The channel-based audio and the associated channel-based audio metadata are NM channel-based audio and channel-based audio metadata associated with the NM channel-based audio, respectively, where N is a positive integer greater than 7, and M 8. The method according to claim 6 or 7 , wherein is a positive integer greater than or equal to 0.

9. The method of claim 8 , wherein the channel-based audio is 22.2.

a method,
receiving, by one or more processors of audio processing equipment, a transport layer bitstream comprising a bitstream package, said bitstream package comprising encoded channel-based audio, channel shuffle information, and object audio; including a step including a native audio bitstream with metadata (OAMD),
The one or more processors
demultiplexing the transport layer bitstream to determine the bitstream package;
decoding the bitstream package to determine the channel-based audio, the channel shuffle information, and the object audio metadata (OAMD);
reordering audio channels of the channel-based audio based on the channel shuffle information to generate reordered channel-based audio;
using the OAMD to render the reordered channel-based audio into rendered audio; or
encoding the reordered channel-based audio and the OAMD into an object-based audio bitstream and transmitting the object-based audio bitstream to a source device;
A method configured as follows.

11. The method of claim 10 , wherein the native audio bitstream is an Advanced Audio Coding (AAC) bitstream.

12. A method according to claim 10 or 11 , wherein said channel-based audio is NM channel-based audio, N is a positive integer greater than 7, and M is a positive integer greater than or equal to 0.
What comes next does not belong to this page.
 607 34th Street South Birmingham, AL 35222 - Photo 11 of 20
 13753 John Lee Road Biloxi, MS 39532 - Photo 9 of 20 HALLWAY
13. The method of claim 12 , wherein the channel-based audio is 22.2.

a device,
one or more processors;
A non-transitory computer-readable storage medium storing instructions, said instructions, when executed by said one or more processors, causing said one or more processors to perform any of claims 1-13 . a non-transitory computer-readable storage medium that causes the described method to be performed;
equipment including

A non-transitory computer-readable storage medium storing instructions, said instructions, when executed by said one or more processors, causing said one or more processors to perform any of claims 1-13 . A non-transitory computer-readable storage medium that causes the described method to be performed.